E, mesmo quando é o próprio discurso teológico que se serve de conceitos e argumentações filosóficas, a exigência de correcta autonomia do pensamento há-de ser respeitada. Com efeito, a argumentação conduzida segundo rigorosos critérios racionais é garantia para a obtenção de resultados universalmente válidos. Também aqui se verifica o princípio segundo o qual a graça não destrói, mas aperfeiçoa a natureza: a anuência de fé, que envolve a inteligência e a vontade, não destrói mas aperfeiçoa o livre arbítrio do crente, que acolhe em si próprio o dado revelado.

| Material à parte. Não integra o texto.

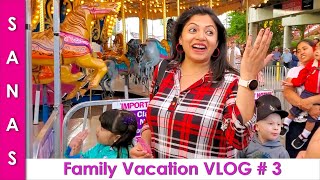 Family Vacation VLOG Part 3 Calargy Stampede in Urdu Hindi  SKS [upl. by Alexandrina]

Desta exigência em si mesma correcta, afasta-se nitidamente a teoria da chamada filosofia « separada », sustentada por vários filósofos modernos. Mais do que afirmação da justa autonomia do filosofar, ela constitui a reivindicação duma auto-suficiência do pensamento que é claramente ilegítima: rejeitar as contribuições de verdade vindas da revelação divina significa efectivamente impedir o acesso a um conhecimento mais profundo da verdade, danificando precisamente a filosofia.
76. Um segundo estádio da filosofia é aquilo que muitos designam com a expressão filosofia cristã. A denominação, em si mesma, é legítima, mas não deve dar margem a equívocos: com ela, não se pretende aludir a uma filosofia oficial da Igreja, já que a fé enquanto tal não é uma filosofia. Com aquela designação, deseja-se sobretudo indicar um modo cristão de filosofar, uma reflexão filosófica concebida em união vital com a fé. Por conseguinte, não se refere simplesmente a uma filosofia elaborada por filósofos cristãos que, na sua pesquisa, quiseram não contradizer a fé. Quando se fala de filosofia cristã, pretende-se abraçar todos aqueles importantes avanços do pensamento filosófico que não seriam alcançados sem a contribuição, directa ou indirecta, da fé cristã.
Assim, a filosofia cristã contém dois aspectos: um subjectivo, que consiste na purificação da razão por parte da fé. Esta, enquanto virtude teologal, liberta a razão da presunção — uma típica tentação a que os filósofos facilmente estão sujeitos. Já S. Paulo e os Padres da Igreja, e mais recentemente filósofos, como Pascal e Kierkegaard, a estigmatizaram. Com a humildade, o filósofo adquire também a coragem para enfrentar algumas questões que dificilmente poderia resolver sem ter em consideração os dados recebidos da Revelação. Basta pensar, por exemplo, aos problemas do mal e do sofrimento, à identidade pessoal de Deus e à questão acerca do sentido da vida, ou, mais diretamente, à pergunta metafísica radical: « Porque existe o ser? ».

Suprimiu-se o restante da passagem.